Camouflage & Paint in WWI

Tank camouflage is a constantly changing art, depending on landscape, climate and season, among other issues. This article examines the development of tank camouflage during the First World War. 

The first British tanks were around 8m long and 2.5m tall. On the devastated battlefields of the Western Front they would clearly attract enemy fire. It was decided to paint them in a camouflage pattern in the hope this would make them harder to see, both on the battlefield but especially behind the lines.

This was a major concern, as if German aerial reconnaissance spotted large concentrations of tanks they would have a good idea of where attacks could be expected, allowing them to move forces to defeat them.

On the move there wasn’t much that could be done to hide the tanks from aircraft, but whenever they stopped crews made considerable use of camouflage nets and covers, as well as local terrain features such as woods or ruined buildings. They would also go to a great deal of trouble to hide or destroy the distinctive trails left by their tracks.

Tank Camouflage Patterns

In May 1916 the artist Solomon J. Solomon was assigned to the tank force and tasked to come up with a tank camouflage pattern. He devised an elaborate four colour scheme, which crews were required to copy exactly onto their own tanks. You can see this design in the photograph above.
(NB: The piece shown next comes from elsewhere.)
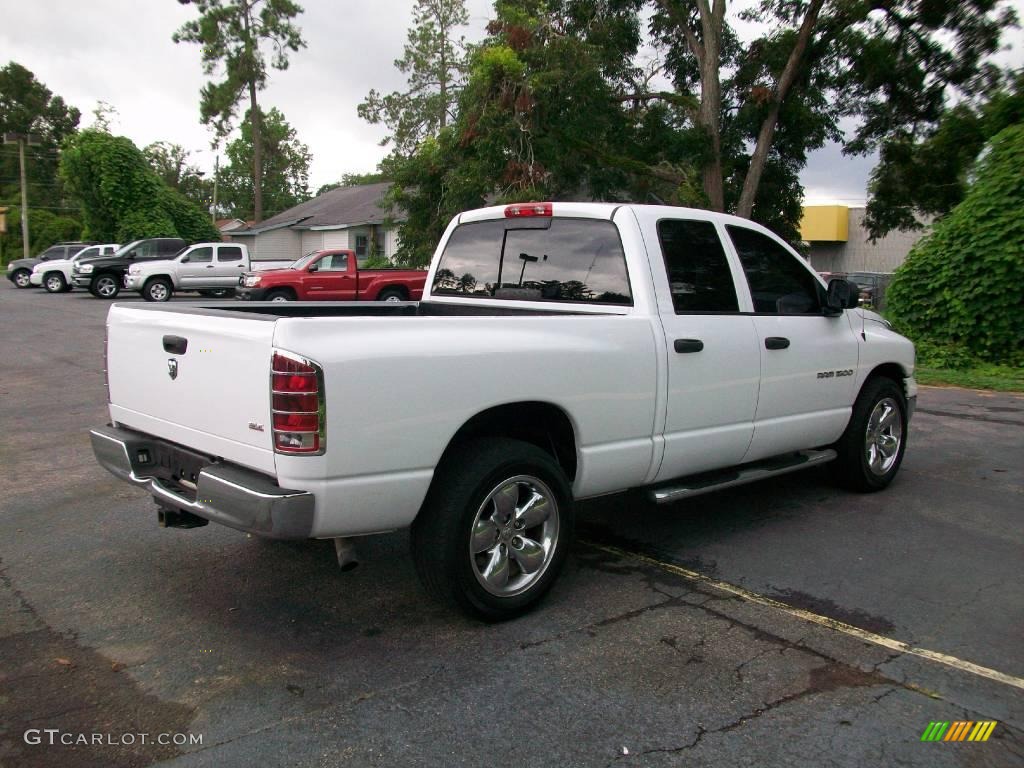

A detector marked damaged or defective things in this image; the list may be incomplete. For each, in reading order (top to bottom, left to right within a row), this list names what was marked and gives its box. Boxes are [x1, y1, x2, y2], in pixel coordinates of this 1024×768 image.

Once they arrived in France the crews were ordered to repaint their tanks in a simpler scheme that used solid blocks of colour separated by black lines.

This was only applied to the sides, front and cab, suggesting Solomon’s scheme may have also only been used on these areas. This was how the first tanks to see action, on the 15th September 1916, were painted.

These weren’t the only camouflage patterns applied to tanks. In the spring of 1917 the artist Ernest Tudor-Hart devised a scheme that used the ‘dazzle’ principle.

This used a range of colours and shapes that wouldn’t necessarily hide the tank but rather confuse the Germans as to its direction and speed.

Hopefully this would make it harder to hit. His system also used netting to cover the roof and tracks, which, it was hoped, would make the tank harder to spot from the air.

Tudor-Hart’s ‘dazzle’ pattern included nets over the tracks of a Mark IV tank.
Tudor-Hart’s ‘dazzle’ pattern included nets over the tracks.

Covered in Mud

It was very quickly realised that, regardless of pattern, tank camouflage was virtually pointless on the muddy battlefields of the Western Front. The tanks moved very slowly, little more than walking pace, so they didn’t kick up mud in the way a modern mountain bike or 4×4 would.

A side view of a Mark IV tank with brown camouflage. A wooden beam can be seen on the top of the tank, with the number 9199 on the side in white.
The ‘neutral brown’ colour scheme used on most British tanks.

However because the tracks ran over the top of the vehicle any mud they picked up would run down over the sides, completely obscuring any camouflage pattern.

Surrendering to the inevitable, towards the end of 1916 it was ordered that the tanks should be painted in a ‘neutral brown colour’ all over. Although a few camouflaged sponsons were seen as late as Arras in April 1917, by the time the Mark IV was introduced in June the days of elaborate paint schemes on the battlefield were over.

The Beutepanzers

This wasn’t quite the end of the story of camouflaged British tanks.  In late 1917 and 1918 the Germans captured over 170 Mark IV tanks, and repaired and refitted several dozen of them for service against their former owners.

As part of this work the tanks were repainted in a three-colour scheme of clay yellow, green and red-brown.

A side shot of a Mark IV tank with German insignia on the front and rear sides.
The three-colour scheme used on captured Mark IVs.

There were at least two versions of this scheme, called Buntfarben-Anstrich. The first intermingled the colours in a fairly complex pattern, however this was later replaced by simpler blocks of colour.